Real data is messy, right? charlatan
makes it easy to create messy data. This is still in the early stages so is not available across most data types and languages, but we’re working on it.
For example, create messy names:
ch_name(50, messy = TRUE)
#> [1] "Garnet Kub" "Larue Cormier"
#> [3] "Dr. Elden Monahan Jr." "Male Kreiger-Blanda"
#> [5] "Alden Daugherty I" "Claude Cartwright"
#> [7] "Jelani Ziemann-Huel" "Malaya Swaniawski"
#> [9] "Orrie Morar Jr." "Dr. Phoenix Haley"
#> [11] "Delwin Hoeger" "Lora Rowe"
#> [13] "Faye Stoltenberg-Rutherford" "Wellington Stehr-Hudson"
#> [15] "Ms. Mckenna Block" "Dawna Barton"
#> [17] "Dr. Barnard Beer V" "Naoma Beahan"
#> [19] "Harrell Fisher" "Killian Hyatt"
#> [21] "Arta Parisian" "Mr. Boyce Gottlieb PhD"

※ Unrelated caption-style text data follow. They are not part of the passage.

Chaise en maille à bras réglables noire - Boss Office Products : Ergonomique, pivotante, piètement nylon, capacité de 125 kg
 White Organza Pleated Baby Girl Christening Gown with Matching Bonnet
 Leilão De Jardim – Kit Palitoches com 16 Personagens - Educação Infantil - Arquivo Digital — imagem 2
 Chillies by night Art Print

#> [23] "Weaver Gleason" "Chaim Larson"
#> [25] "Danniel Davis V" "Tylor Wiza"
#> [27] "Mrs. Kenzie Bergnaum md" "Dr. Madilyn VonRueden d.d.s."
#> [29] "Fairy Goldner" "Rolanda Fadel-Mohr"
#> [31] "Sherryl Kertzmann PhD" "Rylee Keeling-Kreiger"
#> [33] "Mr. Jaxson Crist IV" "Cris Wiegand"
#> [35] "Miss Willodean Stokes dvm" "Jamaal Wyman-Kris"
#> [37] "Lindsey Ebert-Dooley" "Dr. Santo Treutel"
#> [39] "Jonna Murphy" "Holly Erdman"
#> [41] "Mr. Theophile Flatley" "Logan Hartmann"
#> [43] "Gil Wiegand-O'Reilly" "Beau Anderson V"
#> [45] "Tobias King" "Louie Little"
#> [47] "Constance Cummings" "Kamila Wilderman"
#> [49] "Otis Anderson" "Pluma Runolfsdottir"
Right now only suffixes and prefixes for names in en_US
locale are supported. Notice above some variation in prefixes and suffixes.